[Short descriptive text snippets]
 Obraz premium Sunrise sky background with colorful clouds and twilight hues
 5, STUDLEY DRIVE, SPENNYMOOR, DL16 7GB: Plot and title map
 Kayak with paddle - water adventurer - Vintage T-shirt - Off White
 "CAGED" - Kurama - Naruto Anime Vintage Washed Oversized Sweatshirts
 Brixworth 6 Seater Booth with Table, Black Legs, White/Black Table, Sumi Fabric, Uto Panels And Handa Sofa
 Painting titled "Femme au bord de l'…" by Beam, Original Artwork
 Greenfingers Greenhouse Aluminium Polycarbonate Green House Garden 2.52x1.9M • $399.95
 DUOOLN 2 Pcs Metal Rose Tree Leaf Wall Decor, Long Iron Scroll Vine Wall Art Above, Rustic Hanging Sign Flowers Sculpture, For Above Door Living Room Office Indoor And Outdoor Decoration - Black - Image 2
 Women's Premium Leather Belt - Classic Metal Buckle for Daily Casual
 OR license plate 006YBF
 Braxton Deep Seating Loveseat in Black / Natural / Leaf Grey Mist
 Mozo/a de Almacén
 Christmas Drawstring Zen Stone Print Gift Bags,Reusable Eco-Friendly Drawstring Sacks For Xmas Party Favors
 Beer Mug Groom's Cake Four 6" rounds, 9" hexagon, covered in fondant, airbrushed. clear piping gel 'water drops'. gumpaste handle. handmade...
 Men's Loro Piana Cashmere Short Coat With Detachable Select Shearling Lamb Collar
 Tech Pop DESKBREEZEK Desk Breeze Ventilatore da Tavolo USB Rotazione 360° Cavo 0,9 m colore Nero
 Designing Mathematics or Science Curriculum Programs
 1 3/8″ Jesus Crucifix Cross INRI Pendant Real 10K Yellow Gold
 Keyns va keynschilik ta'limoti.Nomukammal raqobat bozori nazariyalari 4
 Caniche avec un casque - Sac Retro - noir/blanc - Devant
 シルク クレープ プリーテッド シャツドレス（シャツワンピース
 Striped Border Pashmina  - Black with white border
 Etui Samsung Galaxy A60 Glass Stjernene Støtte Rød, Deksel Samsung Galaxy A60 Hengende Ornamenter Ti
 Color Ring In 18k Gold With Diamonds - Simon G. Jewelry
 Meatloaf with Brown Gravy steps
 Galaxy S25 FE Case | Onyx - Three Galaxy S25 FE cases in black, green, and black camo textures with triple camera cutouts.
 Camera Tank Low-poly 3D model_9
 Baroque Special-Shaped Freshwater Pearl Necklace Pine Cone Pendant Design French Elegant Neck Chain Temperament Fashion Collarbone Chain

Task to carry out: The lines above that hold the string "Galaxy" are to be located and copied.

Final answer:
 Etui Samsung Galaxy A60 Glass Stjernene Støtte Rød, Deksel Samsung Galaxy A60 Hengende Ornamenter Ti
 Galaxy S25 FE Case | Onyx - Three Galaxy S25 FE cases in black, green, and black camo textures with triple camera cutouts.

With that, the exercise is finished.